The first question squarely deals with the concept of e-courts and its efficiency and the second pertains to the infrastructural and financial capacity to endure the journey towards digitalisation of courts.
At the outset, it must be asserted that the current hardships faced by advocates w.r.t. VC-hearings are short-lived as the physical reopening of courts has commenced in the country. The viability of VC should be scrutinized keeping in mind the changes occurring in near future. Procedural law, much like substantive law, ought to be dynamic and evolve. The procedure should be such that the Judiciary is Capable of doing Justice and such Justice must also Be Seen to Have Been Done. A radicle opinion opposing dynamic adaptations was expressed in the popular Santhini’s Case  which overruled widely applauded judgment of K.Nagam v. H.Nagam. In the former case, the Hon’ble Apex Court deemed it unwise to encourage VC dispute resolution as it was perceived to be less likely to efficient communication and existent insufficient technological advancements. Howbeit, reports make it evident that in 2020 India had over 560 million internet users.

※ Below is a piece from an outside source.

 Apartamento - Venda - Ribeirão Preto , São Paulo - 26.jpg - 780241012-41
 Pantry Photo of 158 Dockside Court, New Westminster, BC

Prima facie, the opinion of the Hon’ble Court thus, stands in contradistinction with the current state of affairs as, during the 2020-Lockdown, people globally depended upon technological communication.
In 2011, the unusual hurdle was detected by the Bombay High Court about the VC-hearings. The unstable supply of electricity  rendered the viability of District Level VC-hearings dubious. Directions to the state were issued thereafter to improve the infrastructure. The problem of insecure and unstable electricity supply, however, remained unsolved.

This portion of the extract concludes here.